46% and 44.59% in the presence of 0.5 mg/ml and 1 mg/ml NAC,
respectively. Discussion NAC is considered a non-antibiotic drug that has anti-bacterial properties. In 1977, Parry and Neu [8] found that NAC had the characteristics to inhibit the growth of both gram-positive and gram-negative bacteria, including S. aureus, P. aeruginosa, K. pneumoniae and Enterobacter clocae. P. aeruginosa was more susceptible than most of the other tested microorganisms (MIC 2-20 μg/ml), P. aeruginosa this website strains were inhibited synergistically by NAC and carbenicillin or ticarcillin. Roberts and Cole [9] found that 2%-5% of NAC was anti-bactericidal against P. aeruginosa, the effect of the carbenicillin on P. aeruginosa was augmented by low concentrations of NAC, and the MIC of the organisms to carbenicillin was reduced from 16 μg/ml to 1 μg/ml in the presence of one per cent NAC. The mechanism for the anti-bacterial effect of NAC may be that it acts by competitively GDC-0449 concentration inhibiting amino acid (cysteine) utilization or, by virtue of possessing a sulfhydryl group, may react with bacterial cell
proteins. Our results are consistent TGFbeta inhibitor with those of Roberts and Cole, as most of the P. aeruginosa strains were inhibited at concentrations < 40 mg/ml of NAC, and a higher percentage of synergistic combinations with NAC was observed with ciprofloxacin (50%). This means that NAC and ciprofloxacin may be used together to treat P. aeruginosa infections.
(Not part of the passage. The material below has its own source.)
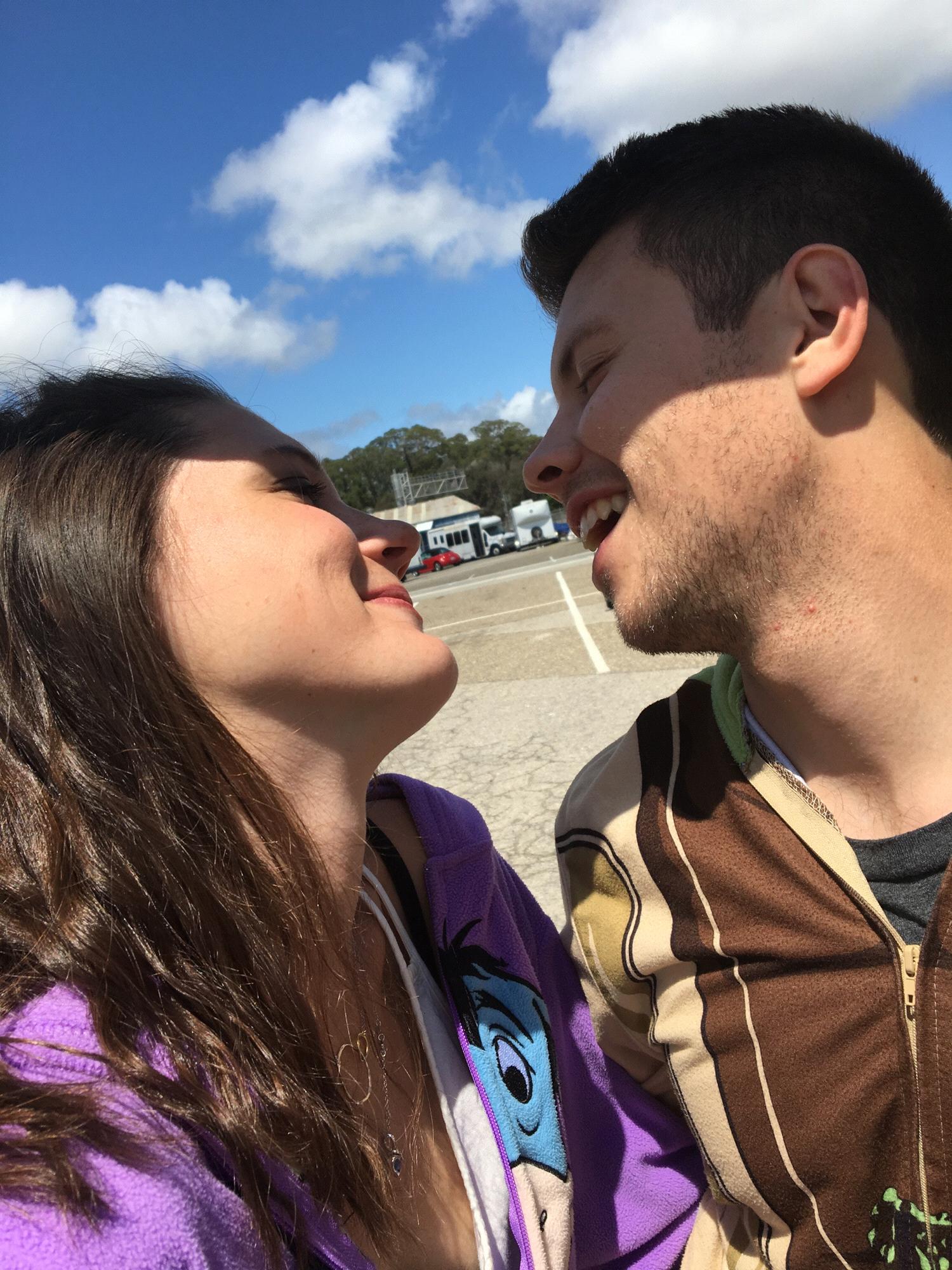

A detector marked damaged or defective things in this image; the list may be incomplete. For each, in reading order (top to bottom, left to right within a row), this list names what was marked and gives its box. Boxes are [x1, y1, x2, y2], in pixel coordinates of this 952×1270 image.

Due to its ability to produce a biofilm, P. aeruginosa is responsible for some chronic pulmonary very infections, such as those in cystic fibrosis (CF), bronchiectasis and chronic obstructive pulmonary disease (COPD).
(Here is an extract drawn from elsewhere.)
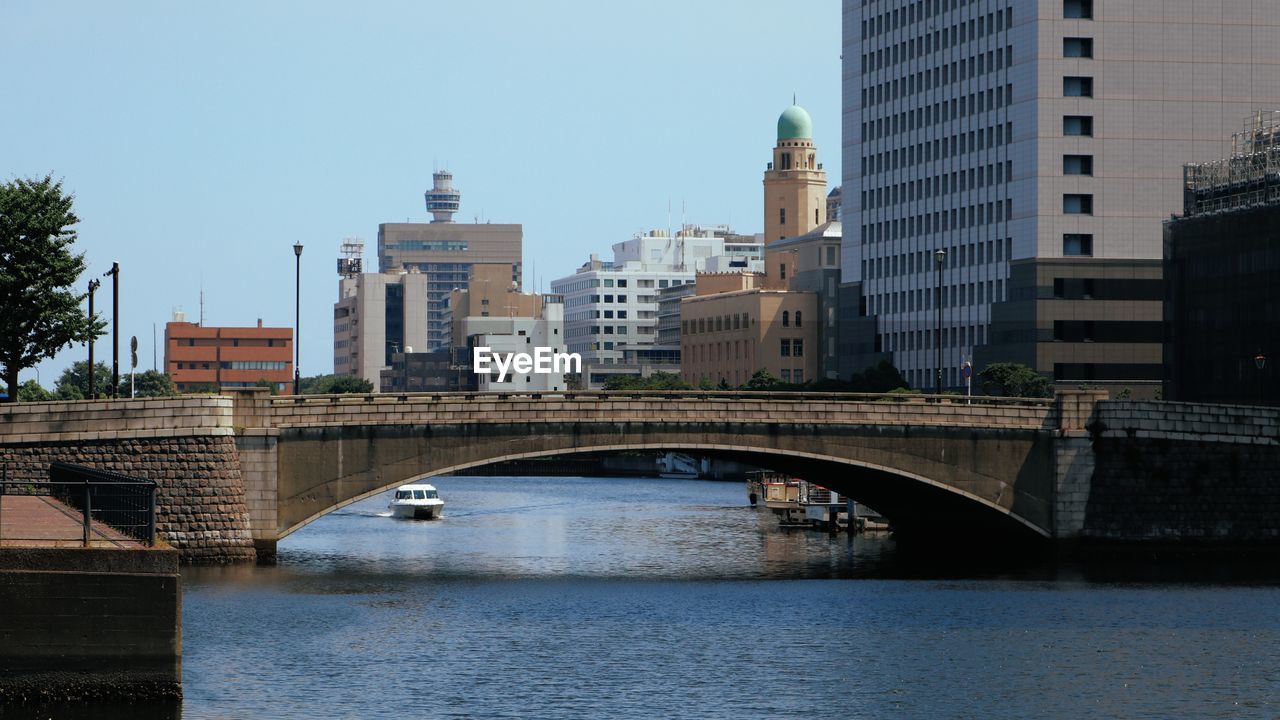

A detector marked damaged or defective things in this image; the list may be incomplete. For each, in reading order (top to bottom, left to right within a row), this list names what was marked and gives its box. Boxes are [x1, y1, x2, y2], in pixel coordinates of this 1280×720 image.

rusty stone wall [0, 430, 254, 561]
It also implicates that the infections are associated with endotracheal tubes [10, 11]. P. aeruginosa eventually causes infections in most patients with CF, and once a chronic infection is established, eradication of P. aeruginosa strains is nearly impossible. Patients with bronchiectasis who are colonized by P. aeruginosa exhibit more advanced diseases and more severe impairments of pulmonary function compared with those who remain free of colonization [12–14]. Some observations suggest that P. aeruginosa is a more common cause of infection as COPD advances [15, 16]. Recently, Martínez-Solano et al. [17] showed that patients with COPD were usually infected with at least 1 P. aeruginosa clone that remained in the lungs for years. During chronic infection, each clone diversified, and isolated from samples of infected lungs tended to produce more biofilm compared with the isolation from blood samples. The structure and physiological characteristics of a biofilm confer an inherent resistance to anti-microbial agents. The MICs of anti-microbial agents can be increased 100- to 1000-fold when bacteria grow in biofilms as compared to planktonic bacteria [18]. Therapy almost always fails to eradicate the bacteria in biofilms.